Required work: Retype every entry in its entirety, without alteration.

Brief descriptive captions:
++++
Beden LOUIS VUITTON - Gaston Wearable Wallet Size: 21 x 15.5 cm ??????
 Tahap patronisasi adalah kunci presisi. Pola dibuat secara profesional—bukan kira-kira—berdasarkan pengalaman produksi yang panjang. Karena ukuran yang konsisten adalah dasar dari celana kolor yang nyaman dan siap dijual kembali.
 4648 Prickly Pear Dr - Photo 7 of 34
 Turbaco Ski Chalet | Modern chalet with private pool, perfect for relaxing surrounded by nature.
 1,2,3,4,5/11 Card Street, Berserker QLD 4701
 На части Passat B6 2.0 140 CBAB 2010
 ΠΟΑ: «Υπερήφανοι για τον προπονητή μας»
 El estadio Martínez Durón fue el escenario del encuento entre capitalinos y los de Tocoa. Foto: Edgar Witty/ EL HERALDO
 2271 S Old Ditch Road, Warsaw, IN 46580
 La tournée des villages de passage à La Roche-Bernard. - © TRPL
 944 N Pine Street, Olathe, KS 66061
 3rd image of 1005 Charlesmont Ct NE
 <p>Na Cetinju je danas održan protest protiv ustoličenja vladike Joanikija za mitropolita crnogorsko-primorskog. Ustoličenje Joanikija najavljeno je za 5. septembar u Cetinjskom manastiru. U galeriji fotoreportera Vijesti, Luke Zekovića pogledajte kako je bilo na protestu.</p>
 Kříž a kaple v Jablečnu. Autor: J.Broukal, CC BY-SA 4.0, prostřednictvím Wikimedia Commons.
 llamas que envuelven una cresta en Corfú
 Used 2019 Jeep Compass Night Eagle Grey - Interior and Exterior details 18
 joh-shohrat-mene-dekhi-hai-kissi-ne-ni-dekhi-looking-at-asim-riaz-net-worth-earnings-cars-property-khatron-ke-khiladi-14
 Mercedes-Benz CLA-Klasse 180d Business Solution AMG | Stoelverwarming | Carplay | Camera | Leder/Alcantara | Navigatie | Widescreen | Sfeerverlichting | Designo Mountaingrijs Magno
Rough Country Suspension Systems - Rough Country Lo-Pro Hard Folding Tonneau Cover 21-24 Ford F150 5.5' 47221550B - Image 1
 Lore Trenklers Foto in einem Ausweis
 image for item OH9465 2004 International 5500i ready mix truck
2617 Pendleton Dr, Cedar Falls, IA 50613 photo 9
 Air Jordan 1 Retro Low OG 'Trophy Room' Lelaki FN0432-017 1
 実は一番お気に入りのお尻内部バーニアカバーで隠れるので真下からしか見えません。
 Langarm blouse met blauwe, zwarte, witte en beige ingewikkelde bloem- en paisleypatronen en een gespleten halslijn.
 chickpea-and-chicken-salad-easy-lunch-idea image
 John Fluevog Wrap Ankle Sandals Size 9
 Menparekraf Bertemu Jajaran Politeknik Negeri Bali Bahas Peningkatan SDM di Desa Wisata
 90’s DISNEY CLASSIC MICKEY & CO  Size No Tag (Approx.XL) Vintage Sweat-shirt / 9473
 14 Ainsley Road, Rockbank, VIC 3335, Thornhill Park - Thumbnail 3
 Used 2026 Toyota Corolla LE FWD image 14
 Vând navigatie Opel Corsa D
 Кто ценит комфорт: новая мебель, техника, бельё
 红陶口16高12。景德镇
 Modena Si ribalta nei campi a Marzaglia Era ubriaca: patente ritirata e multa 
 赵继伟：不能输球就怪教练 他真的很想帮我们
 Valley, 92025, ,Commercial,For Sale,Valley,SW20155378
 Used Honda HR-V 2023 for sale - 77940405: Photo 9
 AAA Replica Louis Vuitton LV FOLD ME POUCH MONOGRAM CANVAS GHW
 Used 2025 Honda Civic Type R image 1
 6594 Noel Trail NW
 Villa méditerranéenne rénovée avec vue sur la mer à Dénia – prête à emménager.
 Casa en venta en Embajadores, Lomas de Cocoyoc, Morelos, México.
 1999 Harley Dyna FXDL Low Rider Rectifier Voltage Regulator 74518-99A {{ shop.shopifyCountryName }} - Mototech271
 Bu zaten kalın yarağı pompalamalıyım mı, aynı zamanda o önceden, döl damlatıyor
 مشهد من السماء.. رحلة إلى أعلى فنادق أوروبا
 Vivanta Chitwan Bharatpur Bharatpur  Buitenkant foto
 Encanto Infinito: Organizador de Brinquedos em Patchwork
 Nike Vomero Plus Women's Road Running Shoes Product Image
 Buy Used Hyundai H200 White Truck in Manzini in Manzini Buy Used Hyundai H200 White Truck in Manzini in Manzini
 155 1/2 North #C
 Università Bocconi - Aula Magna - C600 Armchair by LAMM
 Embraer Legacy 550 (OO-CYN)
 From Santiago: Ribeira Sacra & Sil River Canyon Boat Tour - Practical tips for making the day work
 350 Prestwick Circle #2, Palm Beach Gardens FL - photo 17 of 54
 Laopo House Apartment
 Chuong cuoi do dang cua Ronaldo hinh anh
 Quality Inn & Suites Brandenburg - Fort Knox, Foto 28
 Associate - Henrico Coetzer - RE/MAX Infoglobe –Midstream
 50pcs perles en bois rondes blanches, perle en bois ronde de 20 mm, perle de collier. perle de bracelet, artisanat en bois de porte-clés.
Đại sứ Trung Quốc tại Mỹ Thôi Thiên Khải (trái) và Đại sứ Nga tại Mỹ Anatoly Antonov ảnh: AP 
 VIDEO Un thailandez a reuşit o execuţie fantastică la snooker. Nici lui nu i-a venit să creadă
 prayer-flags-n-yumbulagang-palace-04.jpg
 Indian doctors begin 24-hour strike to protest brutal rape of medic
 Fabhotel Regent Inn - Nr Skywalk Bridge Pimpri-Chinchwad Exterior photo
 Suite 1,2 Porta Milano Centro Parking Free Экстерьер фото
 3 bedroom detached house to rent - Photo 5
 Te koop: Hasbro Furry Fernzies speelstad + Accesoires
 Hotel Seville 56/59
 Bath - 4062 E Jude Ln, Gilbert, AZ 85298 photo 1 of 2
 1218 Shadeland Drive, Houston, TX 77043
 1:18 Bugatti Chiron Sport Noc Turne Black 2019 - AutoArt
++++
Your response:
Beden LOUIS VUITTON - Gaston Wearable Wallet Size: 21 x 15.5 cm ??????
 Tahap patronisasi adalah kunci presisi. Pola dibuat secara profesional—bukan kira-kira—berdasarkan pengalaman produksi yang panjang. Karena ukuran yang konsisten adalah dasar dari celana kolor yang nyaman dan siap dijual kembali.
 4648 Prickly Pear Dr - Photo 7 of 34
 Turbaco Ski Chalet | Modern chalet with private pool, perfect for relaxing surrounded by nature.
 1,2,3,4,5/11 Card Street, Berserker QLD 4701
 На части Passat B6 2.0 140 CBAB 2010
 ΠΟΑ: «Υπερήφανοι για τον προπονητή μας»
 El estadio Martínez Durón fue el escenario del encuento entre capitalinos y los de Tocoa. Foto: Edgar Witty/ EL HERALDO
 2271 S Old Ditch Road, Warsaw, IN 46580
 La tournée des villages de passage à La Roche-Bernard. - © TRPL
 944 N Pine Street, Olathe, KS 66061
 3rd image of 1005 Charlesmont Ct NE
 <p>Na Cetinju je danas održan protest protiv ustoličenja vladike Joanikija za mitropolita crnogorsko-primorskog. Ustoličenje Joanikija najavljeno je za 5. septembar u Cetinjskom manastiru. U galeriji fotoreportera Vijesti, Luke Zekovića pogledajte kako je bilo na protestu.</p>
 Kříž a kaple v Jablečnu. Autor: J.Broukal, CC BY-SA 4.0, prostřednictvím Wikimedia Commons.
 llamas que envuelven una cresta en Corfú
 Used 2019 Jeep Compass Night Eagle Grey - Interior and Exterior details 18
 joh-shohrat-mene-dekhi-hai-kissi-ne-ni-dekhi-looking-at-asim-riaz-net-worth-earnings-cars-property-khatron-ke-khiladi-14
 Mercedes-Benz CLA-Klasse 180d Business Solution AMG | Stoelverwarming | Carplay | Camera | Leder/Alcantara | Navigatie | Widescreen | Sfeerverlichting | Designo Mountaingrijs Magno
Rough Country Suspension Systems - Rough Country Lo-Pro Hard Folding Tonneau Cover 21-24 Ford F150 5.5' 47221550B - Image 1
 Lore Trenklers Foto in einem Ausweis
 image for item OH9465 2004 International 5500i ready mix truck
2617 Pendleton Dr, Cedar Falls, IA 50613 photo 9
 Air Jordan 1 Retro Low OG 'Trophy Room' Lelaki FN0432-017 1
 実は一番お気に入りのお尻内部バーニアカバーで隠れるので真下からしか見えません。
 Langarm blouse met blauwe, zwarte, witte en beige ingewikkelde bloem- en paisleypatronen en een gespleten halslijn.
 chickpea-and-chicken-salad-easy-lunch-idea image
 John Fluevog Wrap Ankle Sandals Size 9
 Menparekraf Bertemu Jajaran Politeknik Negeri Bali Bahas Peningkatan SDM di Desa Wisata
 90’s DISNEY CLASSIC MICKEY & CO  Size No Tag (Approx.XL) Vintage Sweat-shirt / 9473
 14 Ainsley Road, Rockbank, VIC 3335, Thornhill Park - Thumbnail 3
 Used 2026 Toyota Corolla LE FWD image 14
 Vând navigatie Opel Corsa D
 Кто ценит комфорт: новая мебель, техника, бельё
 红陶口16高12。景德镇
 Modena Si ribalta nei campi a Marzaglia Era ubriaca: patente ritirata e multa 
 赵继伟：不能输球就怪教练 他真的很想帮我们
 Valley, 92025, ,Commercial,For Sale,Valley,SW20155378
 Used Honda HR-V 2023 for sale - 77940405: Photo 9
 AAA Replica Louis Vuitton LV FOLD ME POUCH MONOGRAM CANVAS GHW
 Used 2025 Honda Civic Type R image 1
 6594 Noel Trail NW
 Villa méditerranéenne rénovée avec vue sur la mer à Dénia – prête à emménager.
 Casa en venta en Embajadores, Lomas de Cocoyoc, Morelos, México.
 1999 Harley Dyna FXDL Low Rider Rectifier Voltage Regulator 74518-99A {{ shop.shopifyCountryName }} - Mototech271
 Bu zaten kalın yarağı pompalamalıyım mı, aynı zamanda o önceden, döl damlatıyor
 مشهد من السماء.. رحلة إلى أعلى فنادق أوروبا
 Vivanta Chitwan Bharatpur Bharatpur  Buitenkant foto
 Encanto Infinito: Organizador de Brinquedos em Patchwork
 Nike Vomero Plus Women's Road Running Shoes Product Image
 Buy Used Hyundai H200 White Truck in Manzini in Manzini Buy Used Hyundai H200 White Truck in Manzini in Manzini
 155 1/2 North #C
 Università Bocconi - Aula Magna - C600 Armchair by LAMM
 Embraer Legacy 550 (OO-CYN)
 From Santiago: Ribeira Sacra & Sil River Canyon Boat Tour - Practical tips for making the day work
 350 Prestwick Circle #2, Palm Beach Gardens FL - photo 17 of 54
 Laopo House Apartment
 Chuong cuoi do dang cua Ronaldo hinh anh
 Quality Inn & Suites Brandenburg - Fort Knox, Foto 28
 Associate - Henrico Coetzer - RE/MAX Infoglobe –Midstream
 50pcs perles en bois rondes blanches, perle en bois ronde de 20 mm, perle de collier. perle de bracelet, artisanat en bois de porte-clés.
Đại sứ Trung Quốc tại Mỹ Thôi Thiên Khải (trái) và Đại sứ Nga tại Mỹ Anatoly Antonov ảnh: AP 
 VIDEO Un thailandez a reuşit o execuţie fantastică la snooker. Nici lui nu i-a venit să creadă
 prayer-flags-n-yumbulagang-palace-04.jpg
 Indian doctors begin 24-hour strike to protest brutal rape of medic
 Fabhotel Regent Inn - Nr Skywalk Bridge Pimpri-Chinchwad Exterior photo
 Suite 1,2 Porta Milano Centro Parking Free Экстерьер фото
 3 bedroom detached house to rent - Photo 5
 Te koop: Hasbro Furry Fernzies speelstad + Accesoires
 Hotel Seville 56/59
 Bath - 4062 E Jude Ln, Gilbert, AZ 85298 photo 1 of 2
 1218 Shadeland Drive, Houston, TX 77043
 1:18 Bugatti Chiron Sport Noc Turne Black 2019 - AutoArt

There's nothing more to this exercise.